PROBLEM REQUIREMENTS: Could you give again exactly, and only, the lines from the one holding "Murek w ogrodzie z kamienia naturalnego" through the end of the data, both ends included, with pictures left out?

Data items:
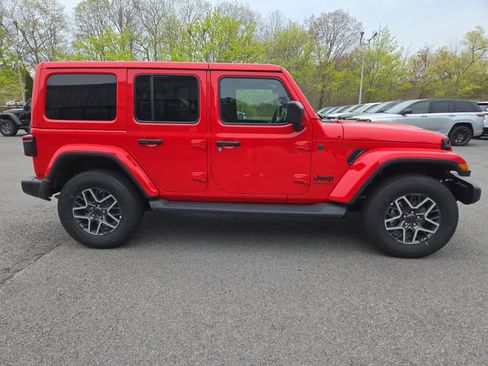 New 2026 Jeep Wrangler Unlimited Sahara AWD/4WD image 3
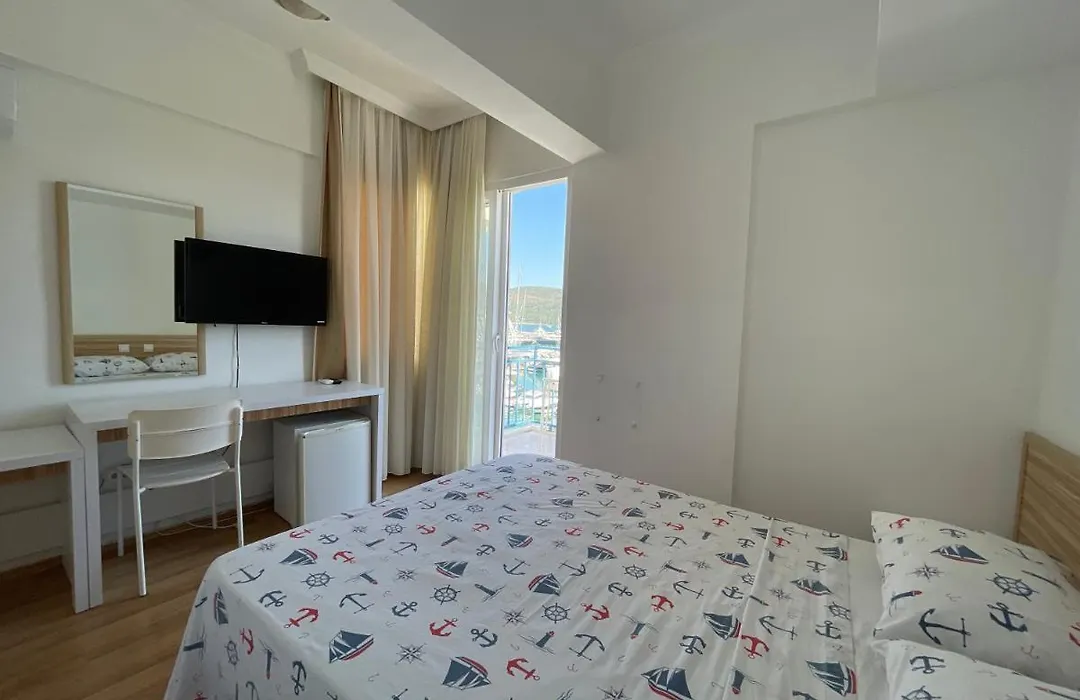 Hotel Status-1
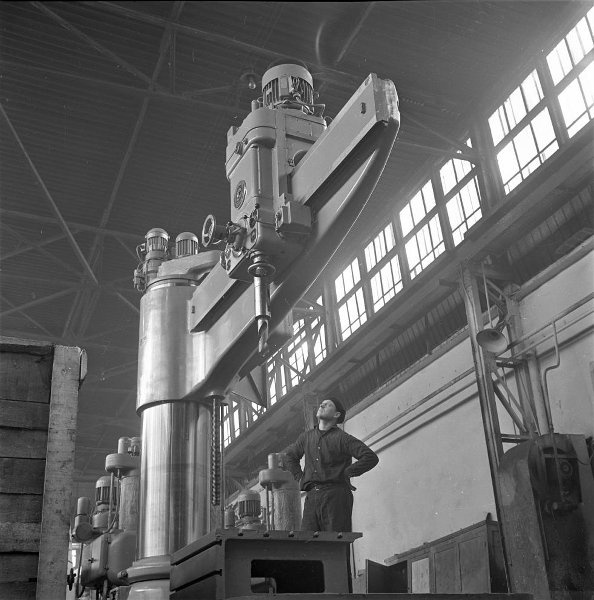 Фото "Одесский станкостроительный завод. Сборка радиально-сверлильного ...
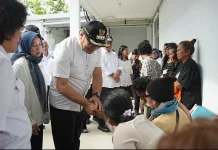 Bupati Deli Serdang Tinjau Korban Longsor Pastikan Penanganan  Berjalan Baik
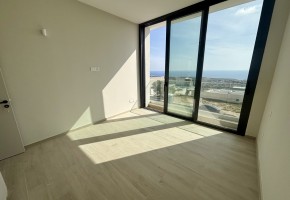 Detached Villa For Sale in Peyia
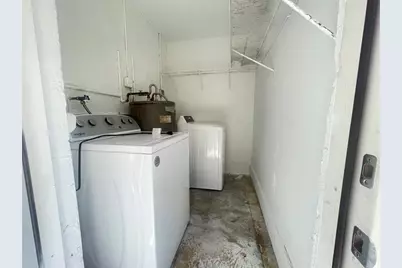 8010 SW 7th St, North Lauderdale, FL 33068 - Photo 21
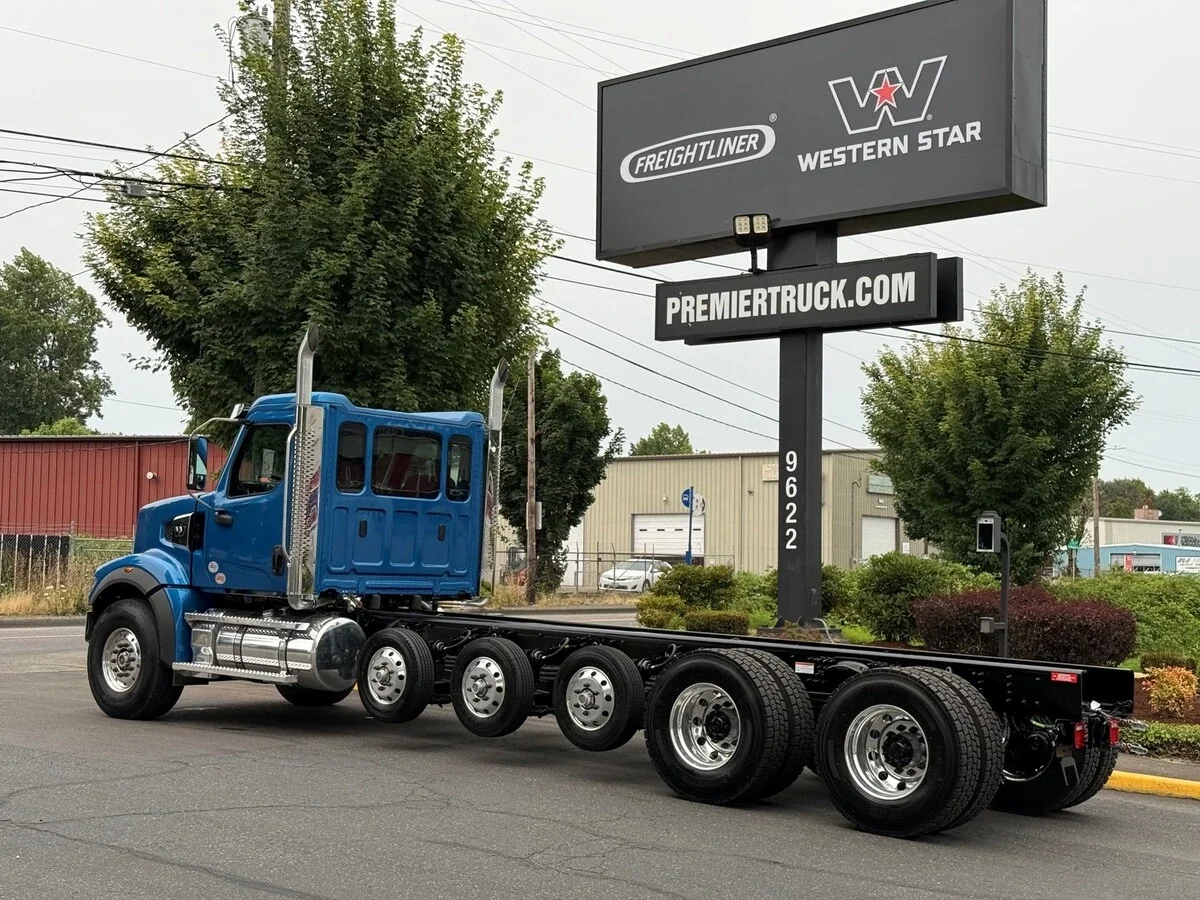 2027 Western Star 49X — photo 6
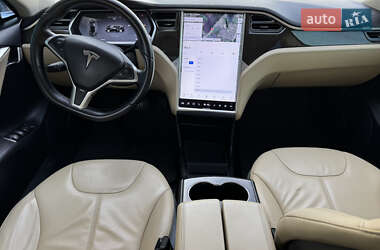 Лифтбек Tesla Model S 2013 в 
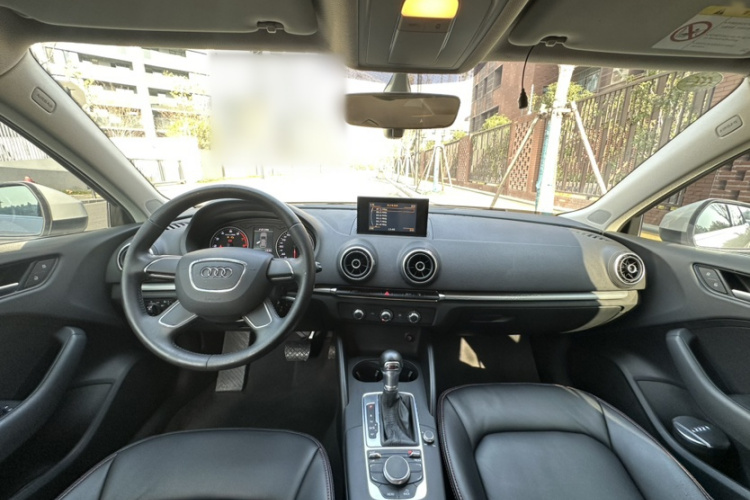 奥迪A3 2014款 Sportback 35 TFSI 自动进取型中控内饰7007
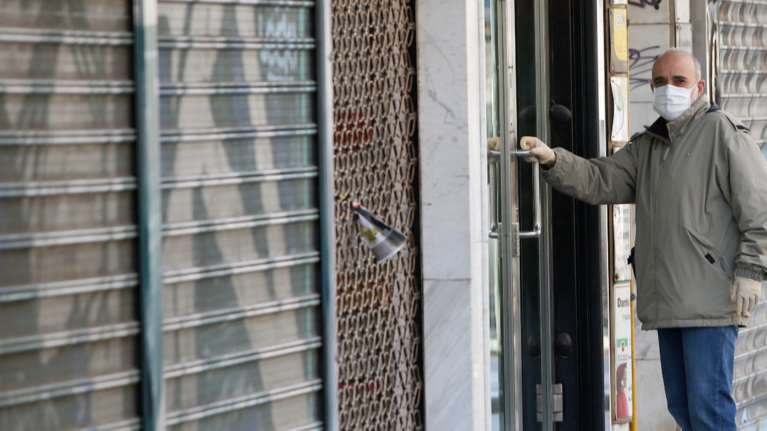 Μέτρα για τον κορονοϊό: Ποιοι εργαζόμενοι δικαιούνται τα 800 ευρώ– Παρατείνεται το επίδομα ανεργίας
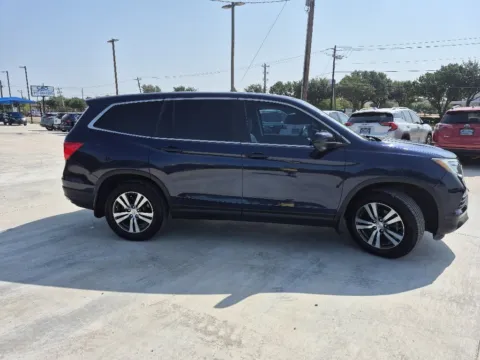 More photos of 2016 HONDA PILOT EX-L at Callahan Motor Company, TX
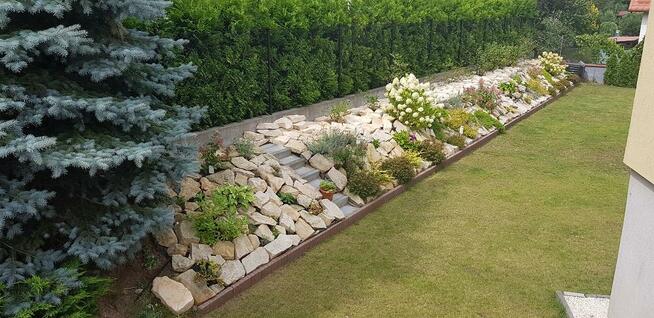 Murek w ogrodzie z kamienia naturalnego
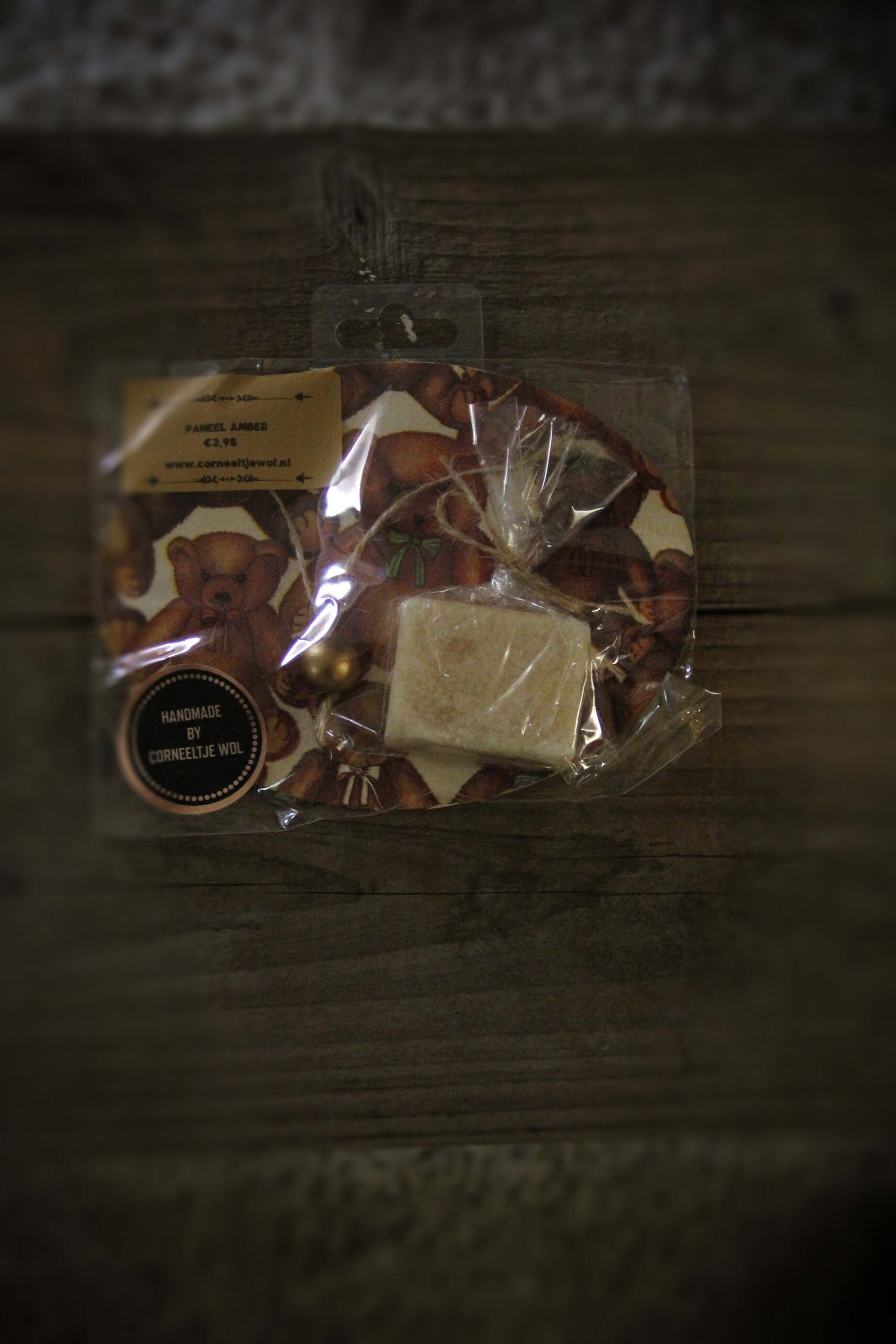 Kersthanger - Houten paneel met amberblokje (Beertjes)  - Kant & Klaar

SOLUTION TO THIS PROBLEM:
 Murek w ogrodzie z kamienia naturalnego
 Kersthanger - Houten paneel met amberblokje (Beertjes)  - Kant & Klaar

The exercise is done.